- Peabody Energy (BTU) might look like it has gotten expensive, but the data indicates that it’s not actually pricey at all.
- Moreover, geopolitical tensions could keep coal prices high, which in turn might buoy the Peabody Energy share price.
- Investors should consider adding shares of Peabody Energy as a pure play on the bull market in coal.
Peabody Energy (NYSE:BTU) is an international coal mining business with a history dating all the way back to 1883. BTU stock appears to be in the middle of an impressive bull run, and has the potential to move significantly higher.
It’s understandable if geopolitical tensions are keeping some folks out of the stock market.
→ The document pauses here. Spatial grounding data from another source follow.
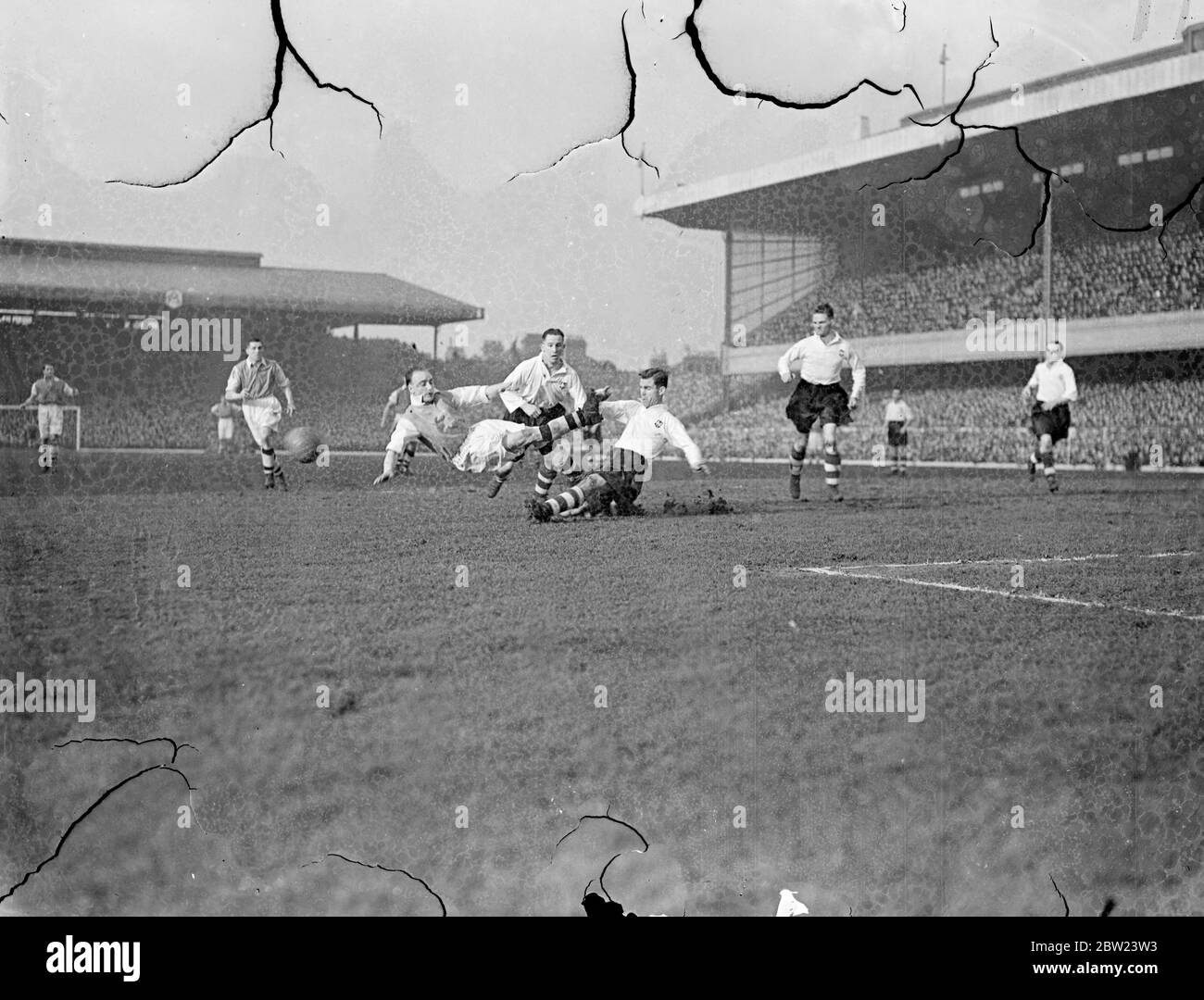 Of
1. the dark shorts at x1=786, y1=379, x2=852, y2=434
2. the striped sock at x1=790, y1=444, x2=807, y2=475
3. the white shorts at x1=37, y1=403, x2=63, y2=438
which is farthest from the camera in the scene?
the striped sock at x1=790, y1=444, x2=807, y2=475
The headlines can be scary, and stock market volatility may be hard to navigate.
Yet, even during times of turbulence, there are pockets of value and opportunity to be discovered. Peabody Energy represents a pure, direct way to get exposure to a widely used commodity. So, while the media might obsess over the oil price, you can consider a coal goal with Peabody Energy.
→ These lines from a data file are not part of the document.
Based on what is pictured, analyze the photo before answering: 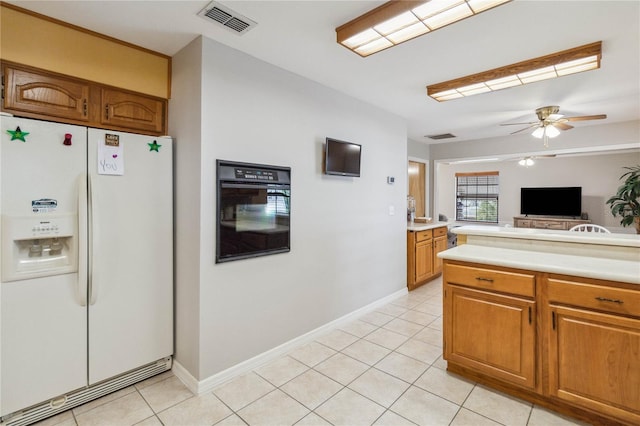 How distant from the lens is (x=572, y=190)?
731cm

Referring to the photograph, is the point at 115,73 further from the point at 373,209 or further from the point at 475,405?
the point at 475,405

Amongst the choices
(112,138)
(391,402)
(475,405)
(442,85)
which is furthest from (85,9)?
(475,405)

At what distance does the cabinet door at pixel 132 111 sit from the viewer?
225 cm

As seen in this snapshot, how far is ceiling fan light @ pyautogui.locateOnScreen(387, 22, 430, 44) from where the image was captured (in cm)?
197

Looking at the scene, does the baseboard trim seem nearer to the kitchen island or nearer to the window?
the kitchen island

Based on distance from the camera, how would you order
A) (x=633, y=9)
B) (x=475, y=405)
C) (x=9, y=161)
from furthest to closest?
1. (x=475, y=405)
2. (x=633, y=9)
3. (x=9, y=161)

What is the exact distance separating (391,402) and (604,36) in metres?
3.01

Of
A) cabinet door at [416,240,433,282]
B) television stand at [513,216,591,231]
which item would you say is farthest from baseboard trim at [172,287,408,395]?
television stand at [513,216,591,231]

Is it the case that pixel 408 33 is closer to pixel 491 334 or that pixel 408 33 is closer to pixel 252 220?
pixel 252 220

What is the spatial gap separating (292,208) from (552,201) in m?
7.63

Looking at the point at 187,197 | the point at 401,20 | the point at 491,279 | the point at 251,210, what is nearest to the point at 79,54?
the point at 187,197

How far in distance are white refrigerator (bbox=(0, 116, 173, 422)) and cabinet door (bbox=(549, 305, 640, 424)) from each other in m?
2.76

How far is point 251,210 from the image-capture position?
8.11 ft

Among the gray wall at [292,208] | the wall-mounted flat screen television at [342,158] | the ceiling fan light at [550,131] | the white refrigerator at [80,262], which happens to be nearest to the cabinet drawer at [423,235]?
the gray wall at [292,208] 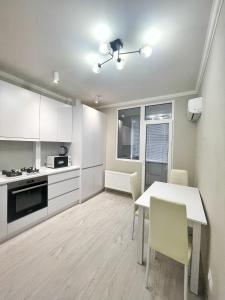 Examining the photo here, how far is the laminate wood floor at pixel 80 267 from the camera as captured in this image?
4.71ft

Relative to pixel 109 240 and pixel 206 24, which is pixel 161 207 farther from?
pixel 206 24

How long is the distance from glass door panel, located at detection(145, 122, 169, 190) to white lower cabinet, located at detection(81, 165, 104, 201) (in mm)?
1290

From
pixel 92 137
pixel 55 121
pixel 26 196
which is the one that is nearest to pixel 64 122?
pixel 55 121

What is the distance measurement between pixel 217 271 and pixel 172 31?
2.18 meters

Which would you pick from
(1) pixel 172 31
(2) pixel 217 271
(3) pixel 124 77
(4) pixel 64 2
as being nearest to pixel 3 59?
(4) pixel 64 2

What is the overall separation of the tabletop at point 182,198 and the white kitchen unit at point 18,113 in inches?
86.6

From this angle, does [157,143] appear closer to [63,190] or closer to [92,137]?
[92,137]

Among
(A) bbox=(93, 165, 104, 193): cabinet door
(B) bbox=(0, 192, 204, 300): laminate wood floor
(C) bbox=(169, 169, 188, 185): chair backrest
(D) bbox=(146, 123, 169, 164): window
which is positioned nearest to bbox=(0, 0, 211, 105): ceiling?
(D) bbox=(146, 123, 169, 164): window

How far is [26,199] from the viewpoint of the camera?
7.85 feet

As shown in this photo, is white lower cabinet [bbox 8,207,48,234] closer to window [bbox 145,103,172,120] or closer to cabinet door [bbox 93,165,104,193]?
cabinet door [bbox 93,165,104,193]

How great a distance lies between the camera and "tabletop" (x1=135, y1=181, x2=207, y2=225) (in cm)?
147

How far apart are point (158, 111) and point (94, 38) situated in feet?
8.11

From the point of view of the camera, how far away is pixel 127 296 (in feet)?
4.61

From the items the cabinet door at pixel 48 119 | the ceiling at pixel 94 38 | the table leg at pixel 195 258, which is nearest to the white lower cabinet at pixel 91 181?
the cabinet door at pixel 48 119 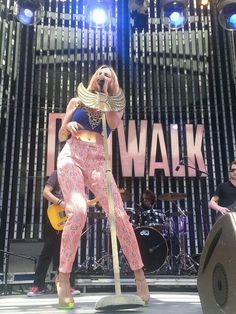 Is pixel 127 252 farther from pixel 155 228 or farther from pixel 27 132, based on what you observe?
pixel 27 132

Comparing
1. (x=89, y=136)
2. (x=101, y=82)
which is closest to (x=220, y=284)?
(x=89, y=136)

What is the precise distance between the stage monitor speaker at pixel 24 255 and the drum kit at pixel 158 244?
3.70 feet

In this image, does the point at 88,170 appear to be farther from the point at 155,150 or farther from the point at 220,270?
the point at 155,150

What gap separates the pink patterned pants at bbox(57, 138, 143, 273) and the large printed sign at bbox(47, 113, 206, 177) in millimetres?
5542

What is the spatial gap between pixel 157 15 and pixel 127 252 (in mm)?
7831

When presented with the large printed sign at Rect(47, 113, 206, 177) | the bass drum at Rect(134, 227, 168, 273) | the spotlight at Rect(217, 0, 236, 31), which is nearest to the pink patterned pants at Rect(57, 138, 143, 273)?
the bass drum at Rect(134, 227, 168, 273)

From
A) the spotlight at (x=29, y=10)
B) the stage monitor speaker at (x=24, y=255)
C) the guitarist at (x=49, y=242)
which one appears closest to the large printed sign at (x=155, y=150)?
the spotlight at (x=29, y=10)

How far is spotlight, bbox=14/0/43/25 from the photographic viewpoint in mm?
6477

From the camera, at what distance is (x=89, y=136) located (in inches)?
100

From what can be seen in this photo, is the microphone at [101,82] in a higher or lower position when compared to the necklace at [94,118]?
higher

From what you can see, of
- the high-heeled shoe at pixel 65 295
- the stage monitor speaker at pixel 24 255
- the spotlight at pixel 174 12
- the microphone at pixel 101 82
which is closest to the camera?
the high-heeled shoe at pixel 65 295

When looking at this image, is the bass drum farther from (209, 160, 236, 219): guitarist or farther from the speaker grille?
the speaker grille

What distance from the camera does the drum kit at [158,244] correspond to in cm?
631

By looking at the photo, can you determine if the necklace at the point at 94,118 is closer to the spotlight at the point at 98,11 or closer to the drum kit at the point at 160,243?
the drum kit at the point at 160,243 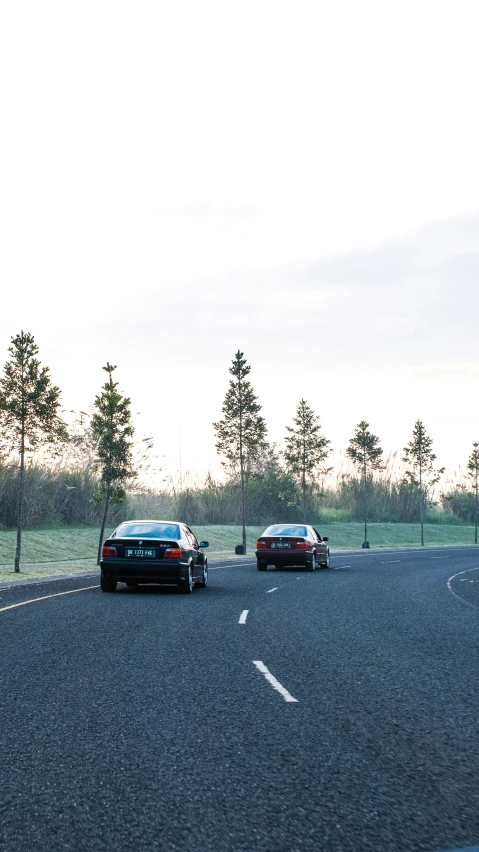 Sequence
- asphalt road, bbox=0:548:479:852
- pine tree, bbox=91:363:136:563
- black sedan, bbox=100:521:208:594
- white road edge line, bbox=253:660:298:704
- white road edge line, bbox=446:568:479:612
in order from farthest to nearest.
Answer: pine tree, bbox=91:363:136:563 → black sedan, bbox=100:521:208:594 → white road edge line, bbox=446:568:479:612 → white road edge line, bbox=253:660:298:704 → asphalt road, bbox=0:548:479:852

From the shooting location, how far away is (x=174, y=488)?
59781 mm

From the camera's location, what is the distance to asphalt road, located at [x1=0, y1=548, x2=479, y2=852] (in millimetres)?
4391

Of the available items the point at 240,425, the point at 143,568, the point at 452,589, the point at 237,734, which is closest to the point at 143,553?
the point at 143,568

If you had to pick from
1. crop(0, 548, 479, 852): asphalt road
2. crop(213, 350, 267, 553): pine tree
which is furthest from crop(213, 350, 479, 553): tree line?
crop(0, 548, 479, 852): asphalt road

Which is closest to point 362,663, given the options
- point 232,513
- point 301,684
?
point 301,684

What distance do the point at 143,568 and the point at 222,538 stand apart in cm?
3344

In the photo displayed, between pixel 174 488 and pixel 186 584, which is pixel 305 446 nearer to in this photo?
pixel 174 488

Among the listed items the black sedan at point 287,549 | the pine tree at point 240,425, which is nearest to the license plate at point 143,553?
the black sedan at point 287,549

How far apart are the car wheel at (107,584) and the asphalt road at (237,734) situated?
524cm

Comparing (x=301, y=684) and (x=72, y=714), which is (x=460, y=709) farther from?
(x=72, y=714)

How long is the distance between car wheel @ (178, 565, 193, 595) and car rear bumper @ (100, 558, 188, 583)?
0.23 meters

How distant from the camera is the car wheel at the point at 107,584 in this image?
19.2 meters

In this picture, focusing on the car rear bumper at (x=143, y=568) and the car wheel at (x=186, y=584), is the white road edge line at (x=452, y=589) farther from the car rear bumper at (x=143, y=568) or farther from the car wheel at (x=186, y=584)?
the car rear bumper at (x=143, y=568)

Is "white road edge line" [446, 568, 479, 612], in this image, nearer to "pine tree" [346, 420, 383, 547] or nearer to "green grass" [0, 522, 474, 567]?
"green grass" [0, 522, 474, 567] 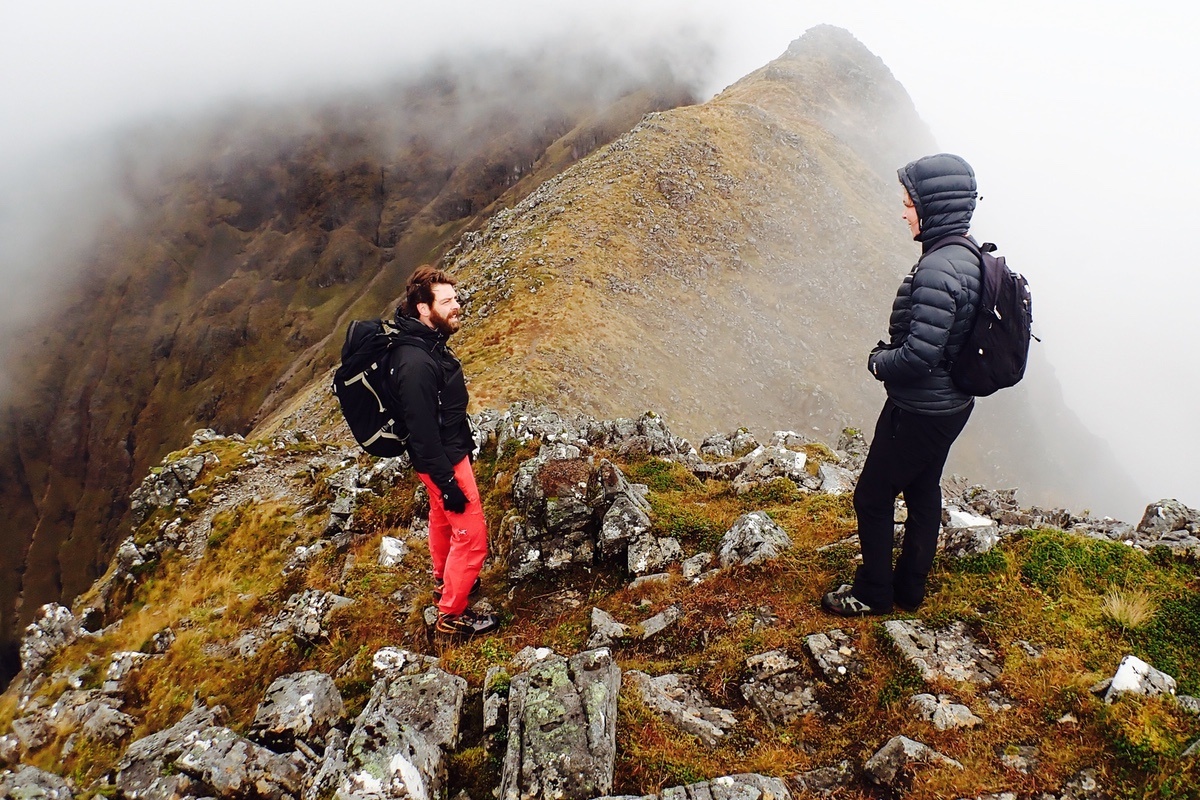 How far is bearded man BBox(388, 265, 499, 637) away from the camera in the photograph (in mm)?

What’s Happening With BTU Stock?
At first glance, value-focused investors may be tempted to assume that BTU stock is overbought. Granted, the stock did recently run from $11 to $25.
However, let’s not jump to conclusions. As the old Benjamin Graham/Warren Buffett saying goes, “price is what you pay but value is what you actually get.”
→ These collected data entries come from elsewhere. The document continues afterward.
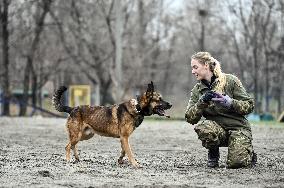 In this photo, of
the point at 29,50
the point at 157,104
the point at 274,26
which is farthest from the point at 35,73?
the point at 157,104

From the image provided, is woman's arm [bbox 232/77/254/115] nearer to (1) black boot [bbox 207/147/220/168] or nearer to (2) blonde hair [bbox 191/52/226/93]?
(2) blonde hair [bbox 191/52/226/93]

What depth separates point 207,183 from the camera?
729cm

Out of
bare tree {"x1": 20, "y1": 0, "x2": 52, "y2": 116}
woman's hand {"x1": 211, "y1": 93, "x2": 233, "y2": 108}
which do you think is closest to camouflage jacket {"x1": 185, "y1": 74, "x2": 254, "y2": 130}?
woman's hand {"x1": 211, "y1": 93, "x2": 233, "y2": 108}

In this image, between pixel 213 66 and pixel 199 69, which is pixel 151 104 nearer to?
pixel 199 69

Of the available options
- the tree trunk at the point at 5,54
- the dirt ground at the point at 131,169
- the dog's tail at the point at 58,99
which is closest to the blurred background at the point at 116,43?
the tree trunk at the point at 5,54

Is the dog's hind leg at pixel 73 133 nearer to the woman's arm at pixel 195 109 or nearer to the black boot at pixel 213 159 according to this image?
the woman's arm at pixel 195 109

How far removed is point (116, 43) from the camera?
38719 mm

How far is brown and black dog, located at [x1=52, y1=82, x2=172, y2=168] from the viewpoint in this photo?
943 centimetres

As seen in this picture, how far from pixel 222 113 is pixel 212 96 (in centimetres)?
63

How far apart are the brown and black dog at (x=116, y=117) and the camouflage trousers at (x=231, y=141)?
688 mm

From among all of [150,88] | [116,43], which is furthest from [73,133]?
[116,43]

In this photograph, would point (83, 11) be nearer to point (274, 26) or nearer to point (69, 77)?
point (69, 77)

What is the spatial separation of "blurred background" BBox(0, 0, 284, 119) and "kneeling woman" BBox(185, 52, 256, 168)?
2507cm

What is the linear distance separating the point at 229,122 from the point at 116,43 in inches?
1175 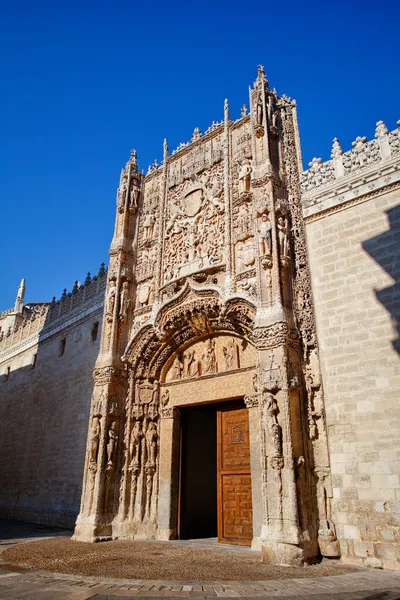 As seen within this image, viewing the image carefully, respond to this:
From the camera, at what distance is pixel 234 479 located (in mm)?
9148

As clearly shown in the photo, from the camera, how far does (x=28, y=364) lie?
18.0 m

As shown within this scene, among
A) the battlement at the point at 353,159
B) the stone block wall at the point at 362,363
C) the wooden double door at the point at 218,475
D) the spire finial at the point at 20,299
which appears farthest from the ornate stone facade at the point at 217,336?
the spire finial at the point at 20,299

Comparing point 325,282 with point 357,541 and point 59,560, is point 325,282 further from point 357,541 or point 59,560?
point 59,560

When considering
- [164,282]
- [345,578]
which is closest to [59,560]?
[345,578]

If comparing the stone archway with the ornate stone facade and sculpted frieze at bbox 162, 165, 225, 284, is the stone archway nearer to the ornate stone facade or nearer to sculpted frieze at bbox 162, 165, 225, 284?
the ornate stone facade

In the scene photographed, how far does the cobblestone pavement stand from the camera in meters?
4.49

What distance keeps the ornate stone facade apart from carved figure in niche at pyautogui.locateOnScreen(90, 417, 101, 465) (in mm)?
43

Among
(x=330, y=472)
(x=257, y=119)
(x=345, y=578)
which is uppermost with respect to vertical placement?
(x=257, y=119)

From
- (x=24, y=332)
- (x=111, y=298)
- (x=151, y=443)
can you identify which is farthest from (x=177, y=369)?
(x=24, y=332)

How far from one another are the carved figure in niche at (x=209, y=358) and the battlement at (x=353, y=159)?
156 inches

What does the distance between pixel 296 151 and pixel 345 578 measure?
8.45 metres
That’s a rough interpretation of the old quote, but the idea remains relevant. Paying more for a stock is fine if you’re paying for a high-quality business. The price can, in other words, still be quite reasonable even if it’s higher than it was a month ago.
Even after the swift share-price rally, Peabody Energy has a trailing 12-month price-to-earnings ratio of 7.99x. That’s very reasonable, and indicates that BTU stock is not overpriced when we consider Peabody Energy’s earnings.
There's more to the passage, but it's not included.